Your assignment: Repeat exactly, please, the lines that begin at the start of the listing and end at the line holding "Prodej bytu 1+kk 38 m², Vosmíkových, Praha, Praha Prodej".

Information provided:

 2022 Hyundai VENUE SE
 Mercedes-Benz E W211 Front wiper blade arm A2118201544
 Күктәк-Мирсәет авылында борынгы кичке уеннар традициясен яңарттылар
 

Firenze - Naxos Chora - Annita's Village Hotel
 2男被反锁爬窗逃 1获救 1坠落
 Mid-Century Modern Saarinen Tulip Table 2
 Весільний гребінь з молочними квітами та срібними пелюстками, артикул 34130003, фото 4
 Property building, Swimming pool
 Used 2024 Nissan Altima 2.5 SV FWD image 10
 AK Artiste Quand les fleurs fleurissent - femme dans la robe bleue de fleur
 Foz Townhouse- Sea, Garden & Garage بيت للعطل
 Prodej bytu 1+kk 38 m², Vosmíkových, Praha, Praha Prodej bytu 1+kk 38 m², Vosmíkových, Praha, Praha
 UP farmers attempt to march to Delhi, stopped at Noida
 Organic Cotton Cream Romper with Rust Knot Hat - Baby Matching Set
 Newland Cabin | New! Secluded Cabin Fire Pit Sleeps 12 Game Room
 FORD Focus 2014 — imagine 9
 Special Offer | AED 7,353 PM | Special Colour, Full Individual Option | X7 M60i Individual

Answer box:
 2022 Hyundai VENUE SE
 Mercedes-Benz E W211 Front wiper blade arm A2118201544
 Күктәк-Мирсәет авылында борынгы кичке уеннар традициясен яңарттылар
 

Firenze - Naxos Chora - Annita's Village Hotel
 2男被反锁爬窗逃 1获救 1坠落
 Mid-Century Modern Saarinen Tulip Table 2
 Весільний гребінь з молочними квітами та срібними пелюстками, артикул 34130003, фото 4
 Property building, Swimming pool
 Used 2024 Nissan Altima 2.5 SV FWD image 10
 AK Artiste Quand les fleurs fleurissent - femme dans la robe bleue de fleur
 Foz Townhouse- Sea, Garden & Garage بيت للعطل
 Prodej bytu 1+kk 38 m², Vosmíkových, Praha, Praha Prodej bytu 1+kk 38 m², Vosmíkových, Praha, Praha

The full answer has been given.